Assim é que temos o controle da quantidade de informação que é injetada na obra. O meio quadrinho é feito de conceitos, técnicas e necessidades que qualquer meio narrativo (quando a trama se apresenta como narrativa) tem, de forma que na presença de elementos textuais, texto e manifestação pictórica (não necessariamente desenhos, o texto também pode figurar no quadrinho como manifestação pictórica) devem se harmonizar de forma a se complementarem ou se reforçarem (em outras manifestações de vanguarda, texto e imagem podem ser dois elementos que sequer dialogam entre si, mas foi um recurso não utilizado nas tramas citadas). O excesso de uma das manifestações (e se esse excesso for usado sem conhecimento prévio/ intenção) pode comprometer a transmissão do que é preterido: ou se torna um livro literário/ informativo ilustrado ou uma ilustração com legendas (porém, esses limiares se apresentam no radicalismo das ideias, ao se almejar um fluxo textual ou imagético intenso para o formato quadrinho, os equilíbrios se darão de outra forma).
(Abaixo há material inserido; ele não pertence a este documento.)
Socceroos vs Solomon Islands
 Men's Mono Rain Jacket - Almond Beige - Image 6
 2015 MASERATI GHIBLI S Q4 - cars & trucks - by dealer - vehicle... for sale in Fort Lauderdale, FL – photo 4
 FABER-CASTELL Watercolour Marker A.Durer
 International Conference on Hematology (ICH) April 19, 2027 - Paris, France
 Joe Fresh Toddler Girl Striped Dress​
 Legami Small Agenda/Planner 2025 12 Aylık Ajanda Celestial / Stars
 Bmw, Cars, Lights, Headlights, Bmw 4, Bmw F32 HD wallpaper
Para o preterido com essa forma de manifestação artística/comunicativa, um fluxo intenso de texto pode ser uma faca de dois gumes: torna a obra informativa, porém com a possibilidade de ser cansativo ao leitor, sem variações de intensidade sentimental/narrativa e ainda ter a possibilidade de não informar, graças às limitações de páginas da obra, na mesma intensidade quanto didáticas direcionadas ao público pretendido. O domínio das formas pictóricas pode tornar a obra mais sensorial, vívida para o espectador, mas corre o risco de ser vazia de conteúdo, e para uma obra de caráter informativo/ conscientizador não cobriria muitas das questões objetivas pretendidas pela trama e as questões subjetivas que permeiam os personagens participantes dessa.


BIBLIOGRAFIA

VERGUEIRO, Waldomiro. Quadrinhos e educação popular no Brasil: considerações à luz de algumas produções nacionais. In: VERGUEIRO, Waldomiro & RAMOS, Paulo (orgs.). Muito além dos quadrinhos: Análises e reflexões sobre a 9ª arte. 1. ed. São Paulo, SP: Devir Livraria, 2009.

BARBOSA, Alexandre. História e Quadrinhos: a coexistência da ficção e da realidade. In: VERGUEIRO, Waldomiro & RAMOS, Paulo (orgs.). Muito além dos quadrinhos: Análises e reflexões sobre a 9ª arte. 1. ed. São Paulo: Devir Livraria, 2009.